FIELD OF THE INVENTION

This invention relates to a partial oxidation process for producing hot clean synthesis, reducing, or fuel gas substantially free from entrained particulate matter and gaseous impurities including halides, vapor phase alkali metal compounds, sulfur, hydrogen cyanide, and with or without ammonia.
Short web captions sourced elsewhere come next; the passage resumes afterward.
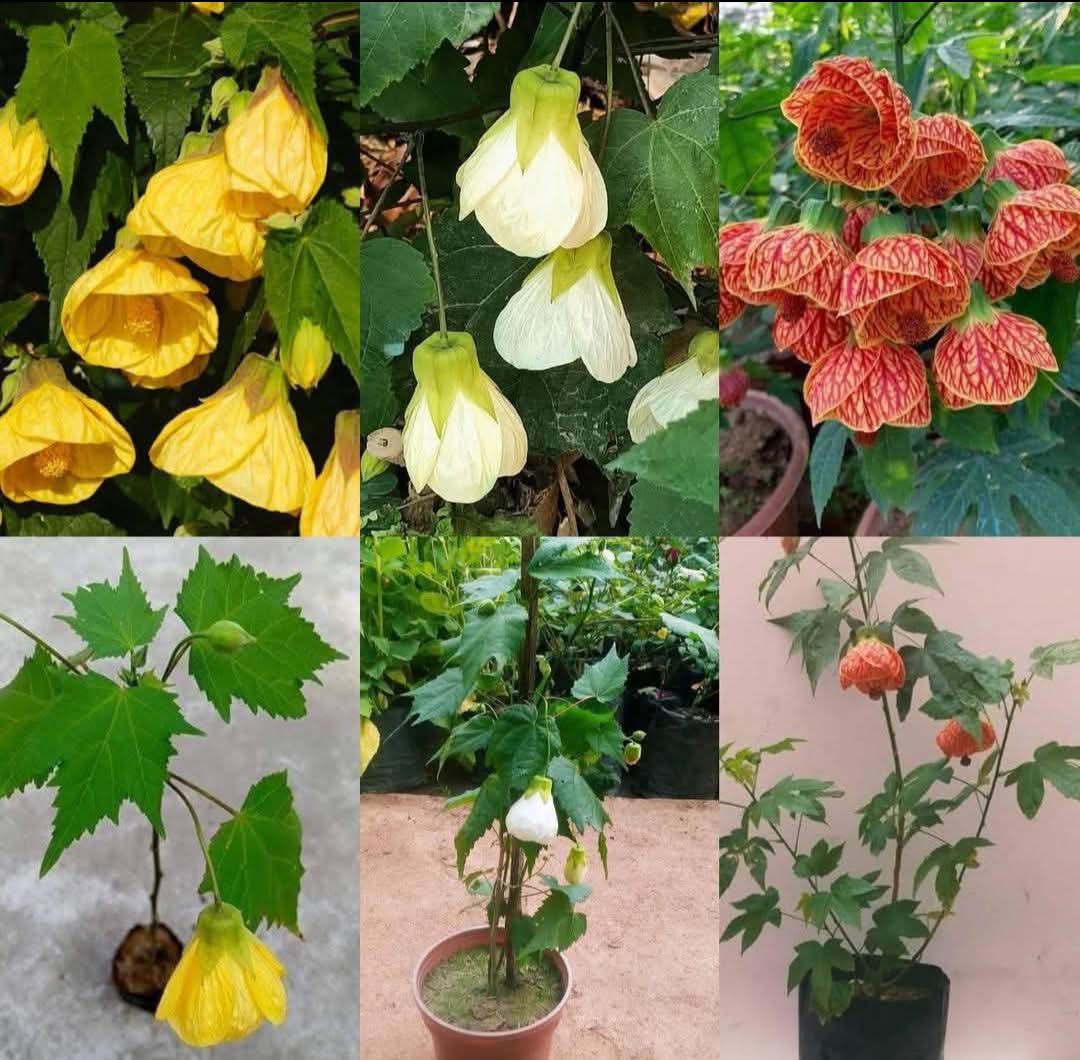 Abutilon – Lantern Hibiscus (Pack of 3)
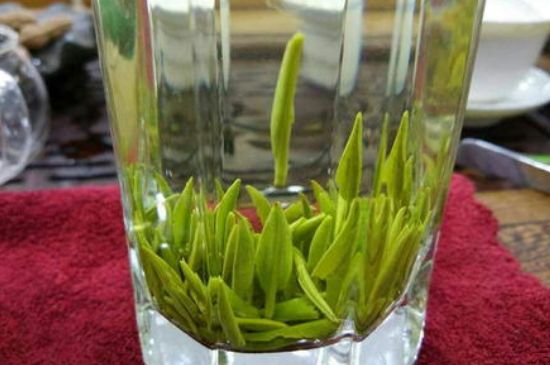 雀舌有一股青草味，雀舌為什么有青草味？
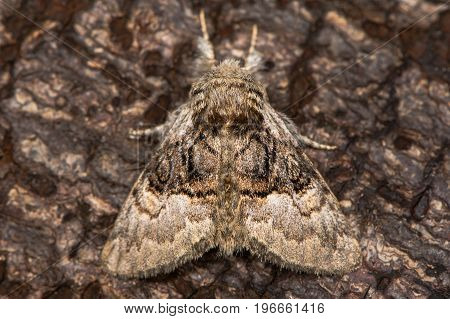 Nut-tree tussock moth (Colocasia coryli) at rest on bark. British moth in the family Noctuidae attracted to light in Bath Somerset UK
BACKGROUND OF THE INVENTION

The partial oxidation process is a well known process for converting liquid hydrocarbonaceous and solid carbonaceous fuels into synthesis gas, reducing gas, and fuel gas. See coassigned US-A- 3,988,609; 4,251,228, 4,436,530, and 4,468,376 for example. The removal of fine particulates and acid-gas impurities from synthesis gas is described in coassigned US-A- 4,052,175, 4,081,253, and 4,880,439; and in 4,853,003; 4,857,285; and 5,118,480. However, the aforesaid references, as a whole, do not teach nor suggest the subject process for the production of hot clean synthesis gas, reducing gas, and fuel gas which are substantially free from particulate matter, halides, hydrogen cyanide, alkali metal compounds, sulfur-containing gases and with or without ammonia. By the subject process, synthesis gas, reducing gas, and fuel gas having a temperature in the range of about 540°C to 700°C (1000°F to 1300°F) are produced. Gas produced by the subject process for burning, e.g., fuel gas in the combuster of a gas turbine, will not contaminate the atmosphere. Gas produced for use as a synthesis gas will not deactivate the synthesis catalyst.

SUMMARY

The subject process relates to a partial oxidation process for the production of a stream of hot clean gas substantially free from particulate matter, halides, hydrogen cyanide, alkali metal compounds, sulfur-containing gases, fly-ash and/or molten slag for use as synthesis gas, reducing gas, or fuel gas comprising:

  • (1) reacting a pumpable hydrocarbonaceous fuel feedstock by partial oxidation with a free-oxygen containing gas wherein said hydrocarbonaceous fuel feedstock is selected from the group consisting of liquid hydrocarbonaceous fuel or liquid emulsions thereof, an aqueous slurry of petroleum coke, and mixtures thereof, and wherein said fuel contains halide, alkali metal compounds, sulfur, nitrogen and inorganic ash containing components, and said fuel is reacted with a free-oxygen containing gas in a free-flow vertical refractory lined partial oxidation gas generator to produce a hot raw gas stream having a temperature in the range of about 980°C to 1650°C (1800°F to 3000°F) and comprising H2, CO, CO2, H2O, CH4, NH3, HCN, HC1, HF, H2S, COS, N2, Ar and containing particulate matter, and vapor phase alkali metal compounds;
  • (2) partially cooling the hot raw gas stream from (1) to a temperature in the range of about 540°C to 700°C (1000°F to 1300°F) in a gas cooling zone.
  • (3) separating out entrained particulate matter from the raw gas stream from (2);
  • (4) introducing a supplementary alkali metal compound into the process gas stream from (3) to react with hydrogen cyanide and the gaseous halides present in said process gas stream; cooling said process gas stream to a temperature in the range of about 430°C (800°F)to 540°C (1000°F) and filtering the resulting process gas stream and separating therefrom alkali metal halides and cyanide, any remaining alkali metal compounds, and any remaining particulate matter; and
  • (5) contacting said cooled and filtered gas stream from (4) with a sulfur reactive oxide containing mixed metal oxide sorbent in a sulfur-removal zone, wherein the sulfur-containing gases in said cooled and filtered gas stream from (4) react with said sulfur reactive oxide containing mixed metal oxide sorbent to produce a sulfided sorbent material; and separating said sulfided sorbent material from said cooled and filtered gas stream to produce a clean gas stream substantially free from particulate matter, alkali metal compound, hydrogen halides, hydrogen cyanide, H2S, COS, and having a temperature of at least 540°C (1000°F).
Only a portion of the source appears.